**WHAT YOU HAVE TO DO**
Copy verbatim the block of lines in the entries below whose first line contains "Core Scripts Flash" and whose last line contains "NEW Sugoi Women's". Leave out all other lines.

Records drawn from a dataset
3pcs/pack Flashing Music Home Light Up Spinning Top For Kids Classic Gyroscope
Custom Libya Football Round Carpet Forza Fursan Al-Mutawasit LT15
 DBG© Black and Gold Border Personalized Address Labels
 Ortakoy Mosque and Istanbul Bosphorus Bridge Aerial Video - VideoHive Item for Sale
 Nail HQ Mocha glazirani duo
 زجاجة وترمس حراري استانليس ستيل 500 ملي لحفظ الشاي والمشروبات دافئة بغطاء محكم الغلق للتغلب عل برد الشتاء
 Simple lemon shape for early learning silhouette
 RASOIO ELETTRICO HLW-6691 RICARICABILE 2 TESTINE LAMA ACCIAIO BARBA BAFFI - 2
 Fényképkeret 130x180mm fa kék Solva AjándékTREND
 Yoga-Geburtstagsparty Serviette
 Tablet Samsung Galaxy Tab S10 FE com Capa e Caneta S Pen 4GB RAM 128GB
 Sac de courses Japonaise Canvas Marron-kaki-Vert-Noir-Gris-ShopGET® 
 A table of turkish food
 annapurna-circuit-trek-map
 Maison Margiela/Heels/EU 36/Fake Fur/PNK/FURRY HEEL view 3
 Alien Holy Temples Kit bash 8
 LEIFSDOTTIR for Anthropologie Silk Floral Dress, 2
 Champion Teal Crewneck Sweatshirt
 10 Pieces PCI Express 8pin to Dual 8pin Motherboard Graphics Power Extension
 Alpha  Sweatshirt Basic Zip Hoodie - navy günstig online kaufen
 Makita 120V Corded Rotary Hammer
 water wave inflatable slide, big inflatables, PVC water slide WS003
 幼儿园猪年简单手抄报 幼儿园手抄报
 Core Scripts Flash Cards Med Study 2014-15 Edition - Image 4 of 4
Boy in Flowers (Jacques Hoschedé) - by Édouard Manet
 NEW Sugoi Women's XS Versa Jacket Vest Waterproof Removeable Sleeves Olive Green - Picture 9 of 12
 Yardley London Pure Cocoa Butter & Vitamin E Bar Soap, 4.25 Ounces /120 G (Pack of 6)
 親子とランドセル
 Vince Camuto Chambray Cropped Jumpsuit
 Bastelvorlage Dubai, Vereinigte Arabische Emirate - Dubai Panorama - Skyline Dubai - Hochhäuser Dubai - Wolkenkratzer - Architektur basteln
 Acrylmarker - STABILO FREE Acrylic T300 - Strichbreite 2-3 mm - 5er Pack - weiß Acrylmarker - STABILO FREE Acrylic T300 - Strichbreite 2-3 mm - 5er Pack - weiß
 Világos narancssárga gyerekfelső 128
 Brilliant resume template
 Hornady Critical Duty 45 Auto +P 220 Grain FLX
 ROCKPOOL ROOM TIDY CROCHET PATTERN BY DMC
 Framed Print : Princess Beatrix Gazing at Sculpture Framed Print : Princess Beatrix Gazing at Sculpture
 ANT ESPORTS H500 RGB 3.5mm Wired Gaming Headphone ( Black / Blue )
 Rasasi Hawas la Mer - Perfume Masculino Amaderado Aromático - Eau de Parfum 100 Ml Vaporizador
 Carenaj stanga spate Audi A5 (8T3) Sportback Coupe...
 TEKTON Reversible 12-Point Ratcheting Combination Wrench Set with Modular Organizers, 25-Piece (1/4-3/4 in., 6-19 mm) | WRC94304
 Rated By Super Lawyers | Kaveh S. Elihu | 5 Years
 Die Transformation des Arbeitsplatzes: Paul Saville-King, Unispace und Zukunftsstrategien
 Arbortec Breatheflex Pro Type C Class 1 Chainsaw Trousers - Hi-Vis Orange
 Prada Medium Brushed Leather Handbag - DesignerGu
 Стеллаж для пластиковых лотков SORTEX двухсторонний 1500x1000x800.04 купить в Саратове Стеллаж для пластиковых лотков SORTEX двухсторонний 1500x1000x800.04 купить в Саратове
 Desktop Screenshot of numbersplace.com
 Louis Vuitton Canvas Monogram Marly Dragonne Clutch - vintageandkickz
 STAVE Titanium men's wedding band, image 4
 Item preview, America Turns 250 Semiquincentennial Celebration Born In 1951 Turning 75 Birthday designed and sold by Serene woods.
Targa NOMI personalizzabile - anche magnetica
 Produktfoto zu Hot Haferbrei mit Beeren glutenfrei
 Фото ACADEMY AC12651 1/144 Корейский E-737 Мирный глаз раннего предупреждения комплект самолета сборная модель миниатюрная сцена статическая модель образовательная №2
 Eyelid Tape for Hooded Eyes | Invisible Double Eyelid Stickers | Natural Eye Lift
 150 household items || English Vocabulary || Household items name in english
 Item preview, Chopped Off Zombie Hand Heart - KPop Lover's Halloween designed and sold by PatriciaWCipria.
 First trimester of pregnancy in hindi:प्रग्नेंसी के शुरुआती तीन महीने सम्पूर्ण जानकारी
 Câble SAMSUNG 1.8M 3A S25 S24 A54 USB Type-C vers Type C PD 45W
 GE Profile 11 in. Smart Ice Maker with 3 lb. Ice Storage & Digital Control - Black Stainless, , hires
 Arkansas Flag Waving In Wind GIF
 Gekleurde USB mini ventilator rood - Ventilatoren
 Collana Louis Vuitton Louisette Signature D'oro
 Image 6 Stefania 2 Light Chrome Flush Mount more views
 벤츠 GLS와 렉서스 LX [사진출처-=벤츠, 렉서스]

**ANSWER FOR THIS EXERCISE**
 Core Scripts Flash Cards Med Study 2014-15 Edition - Image 4 of 4
Boy in Flowers (Jacques Hoschedé) - by Édouard Manet
 NEW Sugoi Women's XS Versa Jacket Vest Waterproof Removeable Sleeves Olive Green - Picture 9 of 12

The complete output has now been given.